Many interesting chemical properties are function of force, which is usually understood to be a space gradient of potential energy. Visualization techniques represent force via 2D or 3D diagrams enhanced by use of colour, ie, user must translate visual phenomena to her internal force representation. The use of haptic interface opens a completely new dimension, when force (as potential gradient) can be represented and felt directly, without any unnatural transformation. Moreover, our physical experience makes it easy to mentally integrate the force, keeping a notion of the overall energy of the system as a consequence.
The idea is currently explored on computational results of a heuristic systematic search through conformational space of flexible biomolecules. Used method of the heuristic search was also developed at Masaryk University, where computational chemistry belongs among its well established research areas. The method was implemented as a production software package, currently consuming about 30% computational resources of the Universitys supercomputing center. Numerous papers were published on the method itself and results achieved.
Lets demonstrate the principle on a simple example of the dichloroethan (see Figure 1). The molecule is flexible, ie, its top part can rotate relatively to the bottom one along the vertical axis. The binding enthalpy (ie, a measurable and computable quantity corresponding, more or less, to internal energy) depends on the angle of rotation, as shown in Figure 2. The difficulty to overcome the rotational barrier can be directly related to the force necessary to move a point along the curve in the figure.
The principal goal of this research is design of a haptic interface that allows the user to modify shape of a molecular model (eg, to rotate a particular bond) while feeling the required energy via force resistance. In the example above the user can twist the model feeling resistance when the atoms get aligned vertically, maximal force corresponds to perfect alignment of the chlorine atoms.
A prototype application we presented recently builds a van der Waals surface of the modeled molecule and lets the user manipulate a spherical probe of about hydrogen size. The probe can touch the surface and deform the model by rotating the flexible angles if appropriate force is delivered. This haptic interface is accompanied with 3D visualization of the process.

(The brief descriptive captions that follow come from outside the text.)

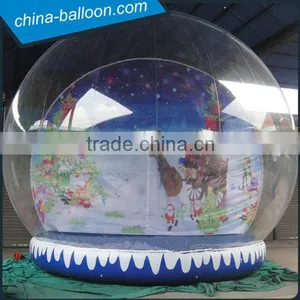 Christmas Snow Globe, Inflatable Snow Ball,huge Size Inflatable Snow Globe Cheap Price thumbnail-2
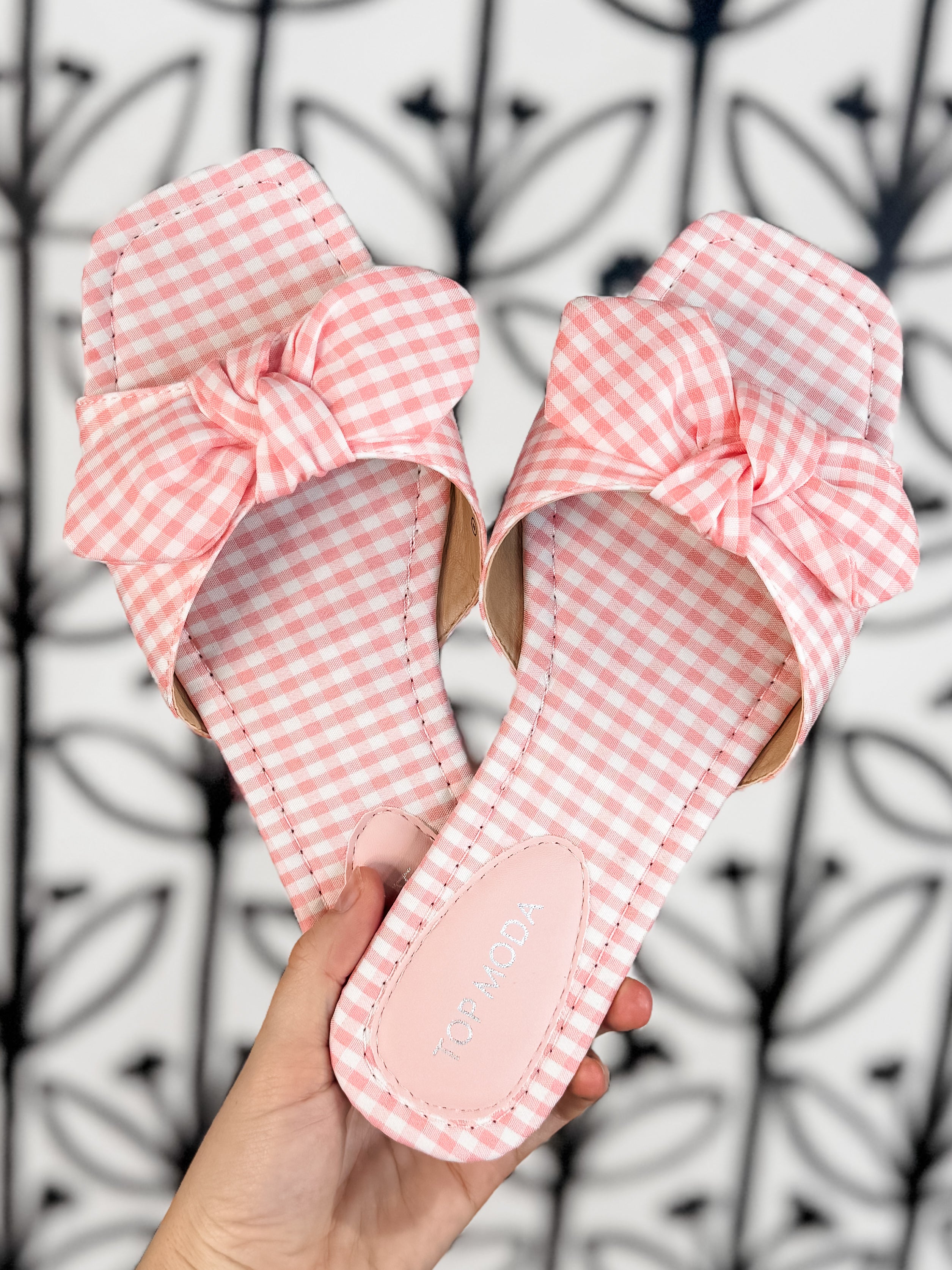 Penny-2 Gingham Sandals - Light Pink *Final Sale*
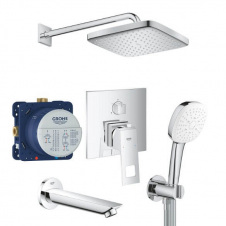Душевая система з термостатом Grohe Eurocube UA26417SC0L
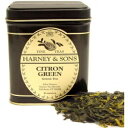 Harney and Sons シトロン グリーン ルース ティー 4 オンスのティー缶 Harney and Sons Citron Green loose tea 4 oz tea tin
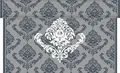 Produktbild: Sovie HOME Tischläufer Giorgio in GRAU, 40cm x 4,80m, 1 Stück, alle 30cm perforiert, aus Linclass® Airlaid, barockes Ornamentdesign, edle Einweg-Tischdeko in Stoffoptik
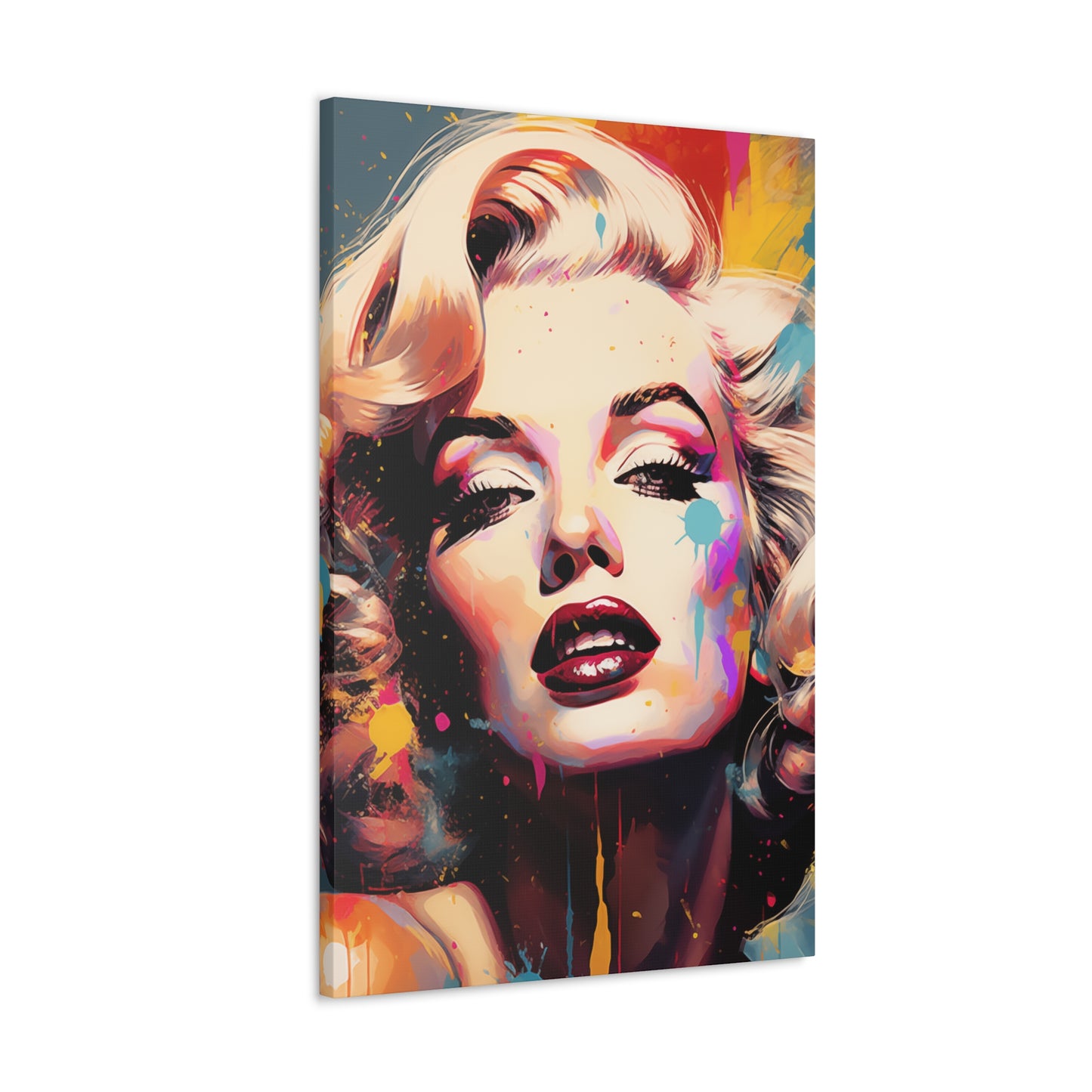 Canvas Wall Art, Gallery Wrapped Pop Art, Celebrity Wall Art – Marilyn Monroe - Abstract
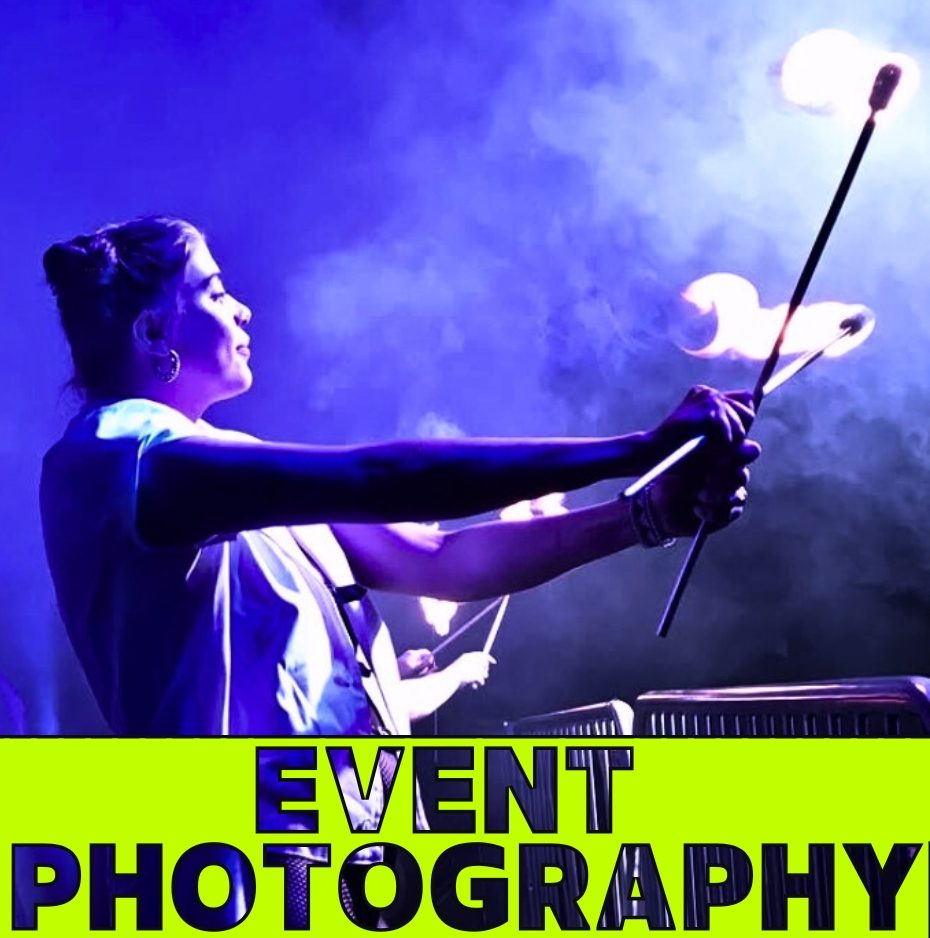 Event photography – fire dancer performing at a festival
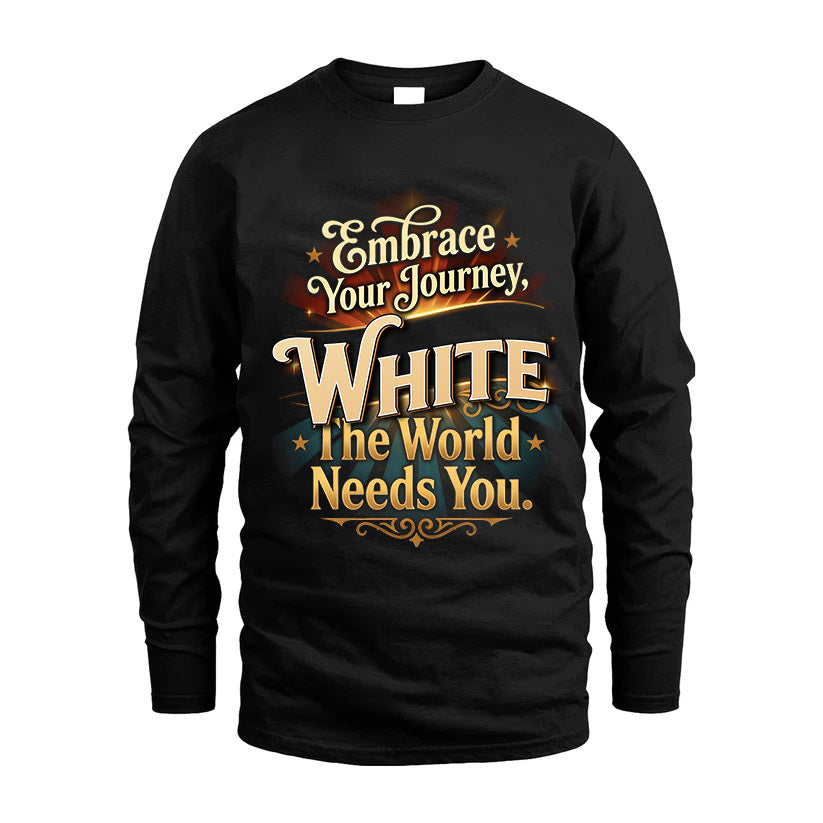 WHITE L04-TT36 Personalized Funny Quote Apparel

The implementation uses PHANToM force feedback device manufactured by Sensable, Inc. The application is distributed, runs in UNIX environment, using PHANToM Linux driver also developed at our site.
Driving a haptic device requires fast computation of the model - in order to create illusion of smooth surfaces etc., the force has to be recomputed at the rate 13 kHz. However, a convincing dynamic molecular model requires energy minimalisation in each step. In general, such calculation cannot be done in the available time (300 us - 1 ms).
The current implementation therefore performs the energy minimalisation at much slower rate (typically once per several seconds) and interpolates among the results. The energy model is also restricted to narrow neighbourhood of local energy minima in order to further reduce otherwise impossibly high requirements on computational resources.
In future we plan to extend our research activity in the following ways:
To conclude, we introduced a general concept of delivering information on energy of a molecular model (as function of force) via haptic interface. We built a prototype application that supports the concept. However, as the science behind haptic interfaces is very premature, a lot of effort is still needed to fulfill the primary expectation, ie, to provide an effective interface to huge data sets emerging from scientific calculation.